The problem is an outgrowth of the Bush administration's belief in the unitary executive, said Baltimore, the president of the California Institute of Technology. That legal theory, he said, argues that the Constitution vests the power to execute federal law in the president, limiting the powers of Congress and the judiciary.
The problem for researchers, Baltimore said: Nearly all U.S. science is funded through the executive branch.
"It is no accident that we are seeing such an extensive suppression of science," he added at the session Saturday. "I think it's a theory of government, a theory of government we need to vociferously oppose."
Baltimore's comments came during a session organized by the Union of Concerned Scientists. Since 2004, the organization has circulated a letter demanding freedom from censorship for government scientists. More than 8,000 scientists have signed the statement, including nearly 50 Nobel laureates and 63 National Medal of Science recipients, the group said.
The letter "seemed to me to encapsulate a feeling that had been growing in me over a period of time about the position truth had in the present administration," Baltimore said. "We as scientists saw this very dearly."
Some fear 'brain drain'
The current political atmosphere could lead to a long-term "brain drain" from government agencies that safeguard the nation's health and security, said Susan Wood, former director of women's health programs at the Food and Drug Administration.

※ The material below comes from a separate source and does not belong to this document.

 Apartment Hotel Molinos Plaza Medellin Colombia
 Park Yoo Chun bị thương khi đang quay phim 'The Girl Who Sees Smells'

Scientists "will move on," Wood said, citing her own case. She resigned from FDA last summer after the agency overruled an expert panel that recommended making emergency contraception available over-the-counter.

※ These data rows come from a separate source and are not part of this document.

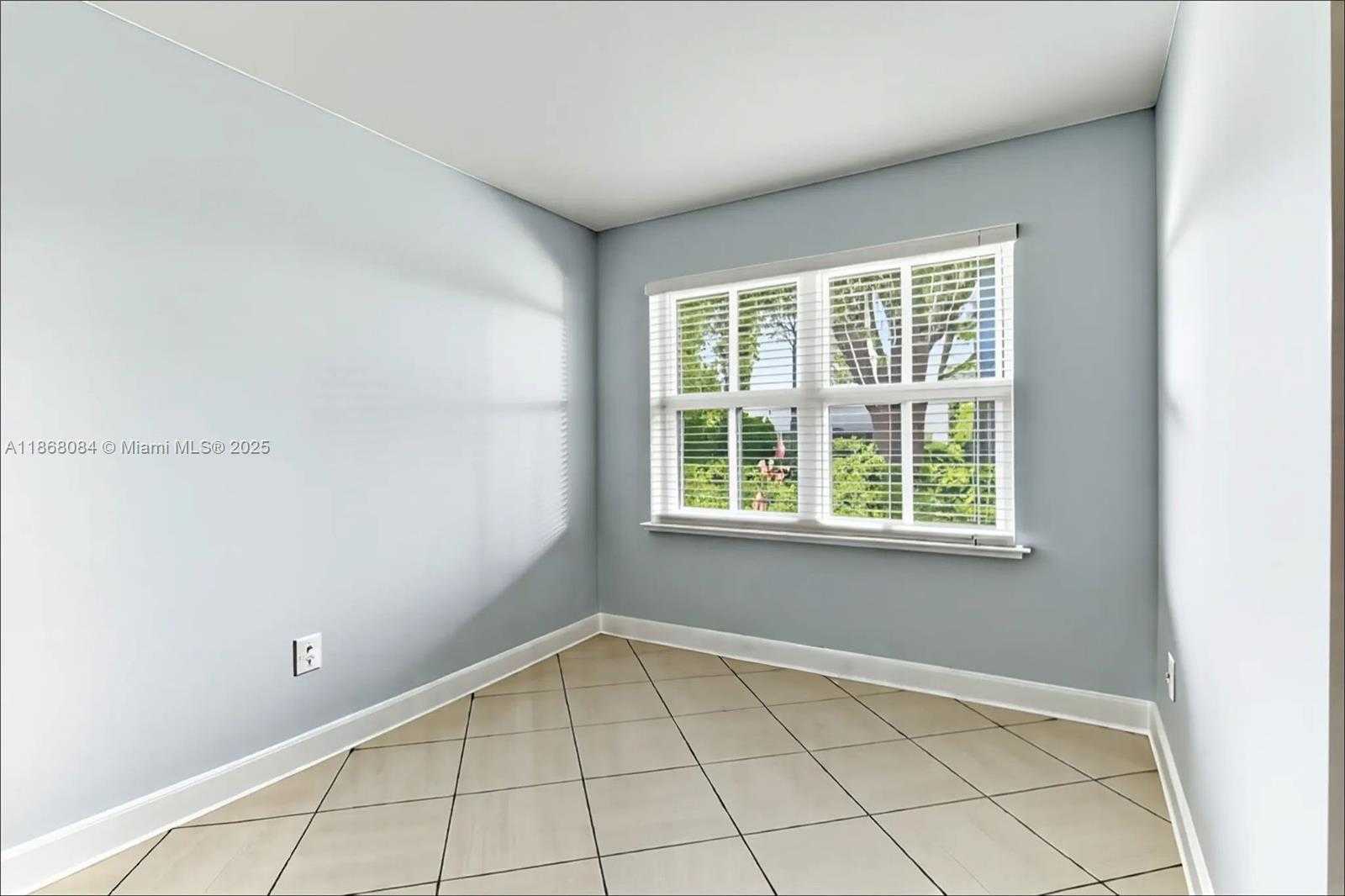 Small Image of 4362 FOXTAIL LN, Weston Number 39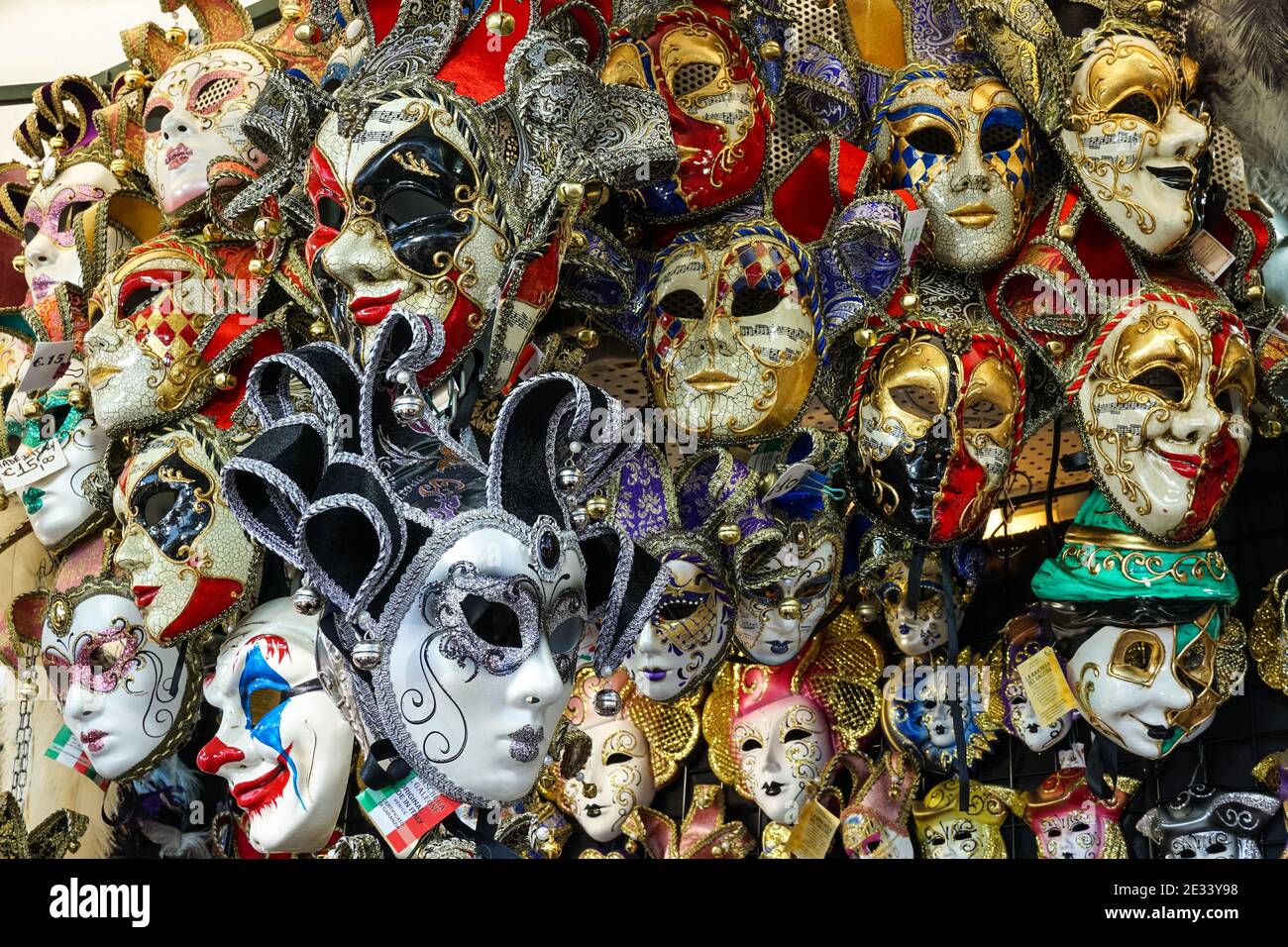 Masque de carnaval exposé dans la boutique de souvenirs de Venise pendant le Carnaval de Venise, Italie Banque D'Images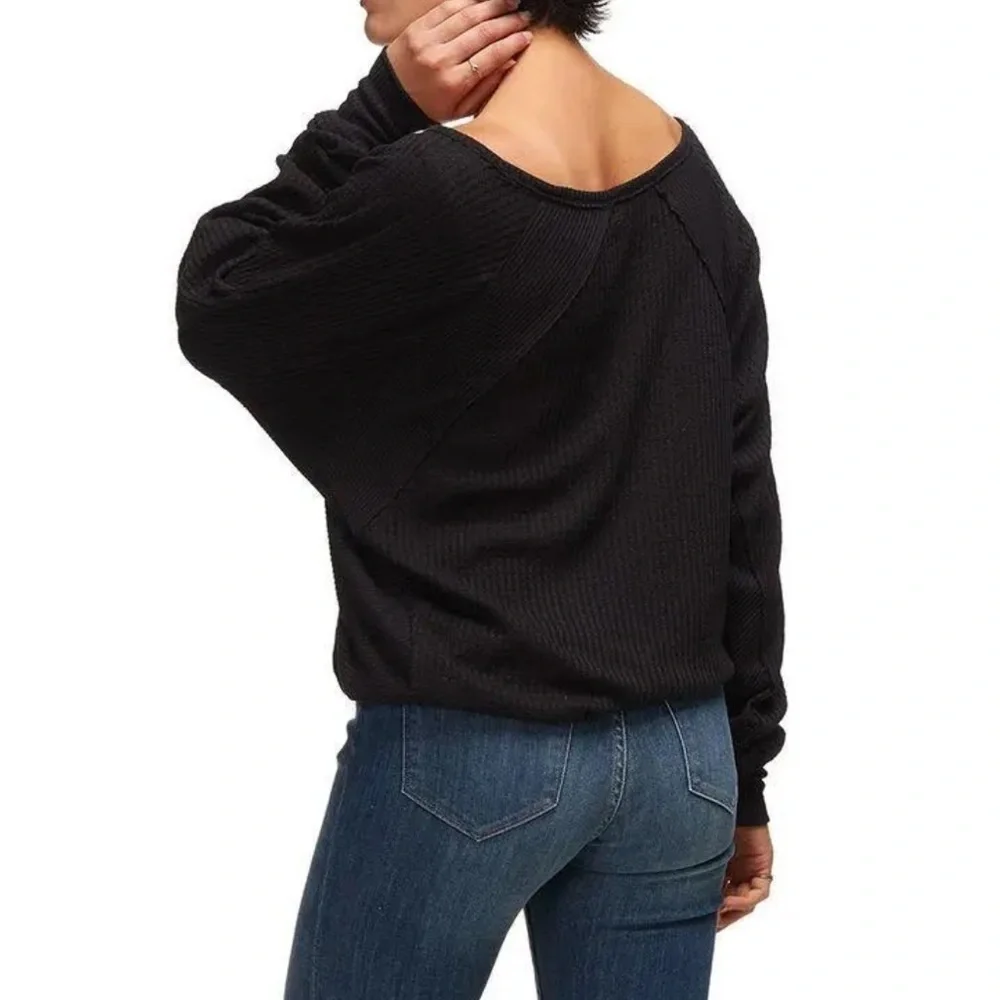 FREE PEOPLE Santa Clara women’s large black waffle knit v-neck pullover top NWT - Picture 10 of 13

"Whether you care about reproductive health worries ... or good governance, you should care about what happened here," Wood said. "It's setting off the alarm bell that things are quite wrong and out of sync."
The problem is not limited to the White House, said Dan Kammen, a professor of public policy and director of the Renewable and Appropriate Energy Laboratory at the University of California-Berkeley.

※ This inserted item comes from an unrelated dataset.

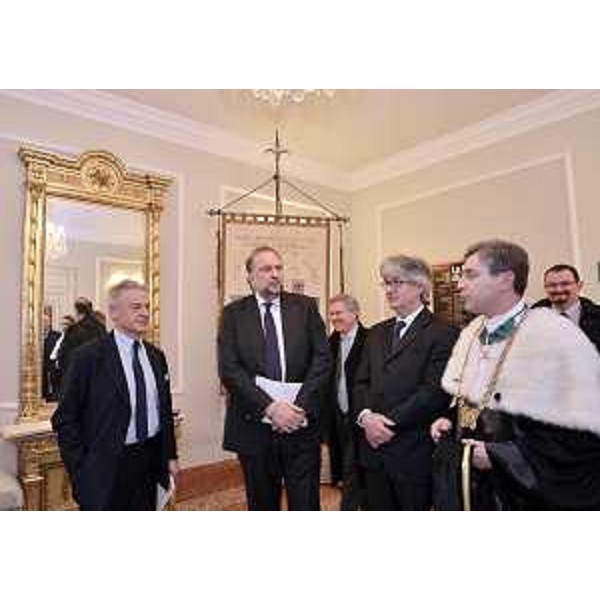 Corrado Clini (Ministro Ambiente), Roberto Cosolini (Sindaco Trieste), Renzo Tondo (Presidente Friuli Venezia Giulia) e Francesco Peroni (Rettore Università Trieste) all'inaugurazione dell'Anno accademico dell'Università di Trieste, al Teatro Comunale Giuseppe Verdi. (Trieste 27/02/12)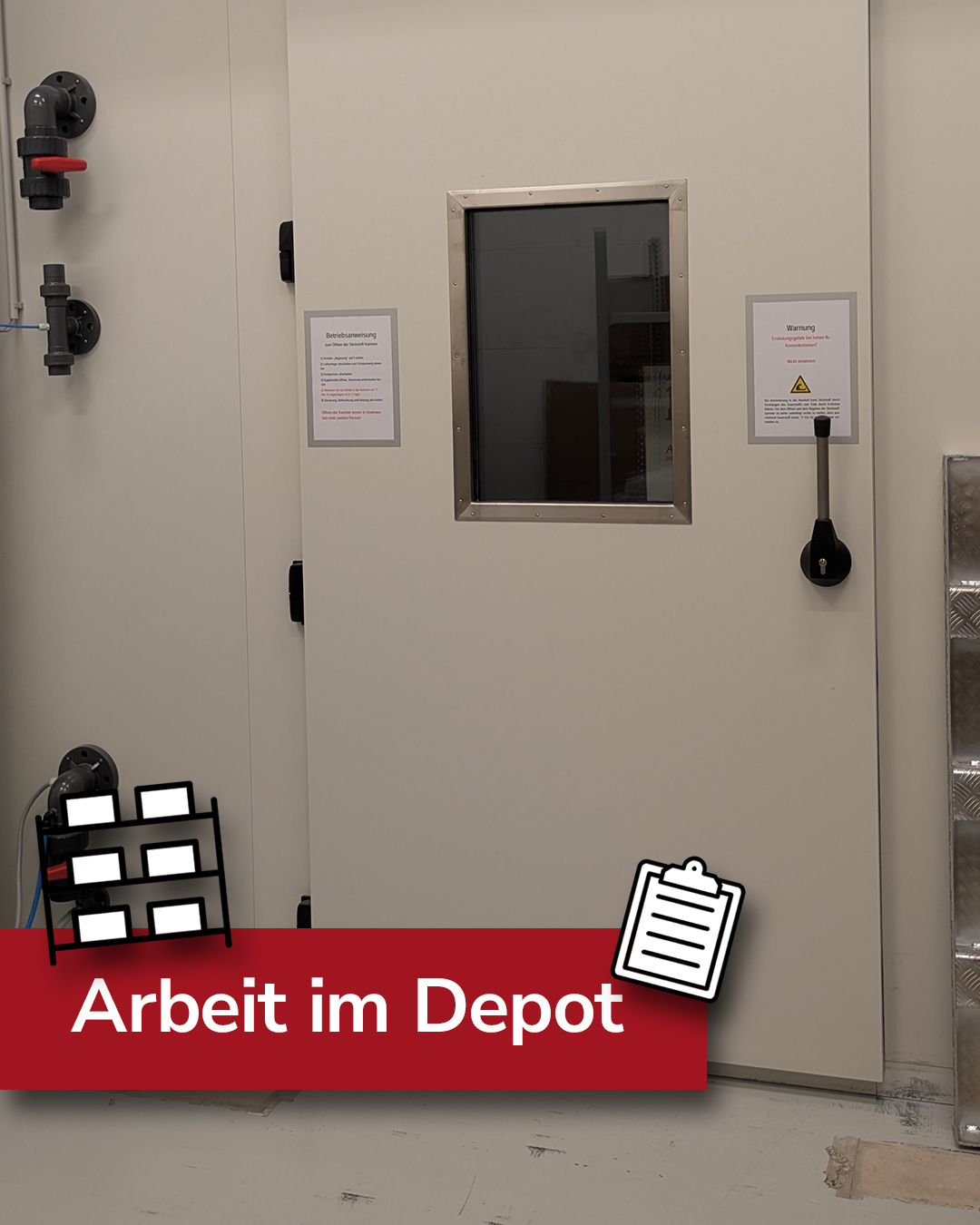 Bild eines weißen Kühlraumes mit einer Tür und einem kleinen Fenster.  Ein Schild weist auf die Arbeit im Depot hin.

Kammen was invited to testify before the House Science Committee last fall on the controversial strategic plan for the federal Climate Change Technology Program, of which he is critical. But days before the hearing, the panel rescinded his invitation and those of all witnesses save one Bush administration official, in what he said was a bid to avoid discussion of the CCTP plan's significant flaws.
But not all of the speakers offered such vociferous criticism of the current administration.
"Scientists have a responsibility," said former National Science Foundation director Rita Colwell. "It's necessary for us to speak but also to maintain the peer-review system ... and to recognize our own areas of conflict of interest."
Colwell was careful to note that during her six-year tenure -- overlapping both the administration of presidents Clinton and George W. Bush -- that she never felt any political pressure. "I want to make that very clear," she said.
Still, she noted, that situation seems to be changing, with the incidence of scientific censorship by the federal government "rising with disturbing frequency."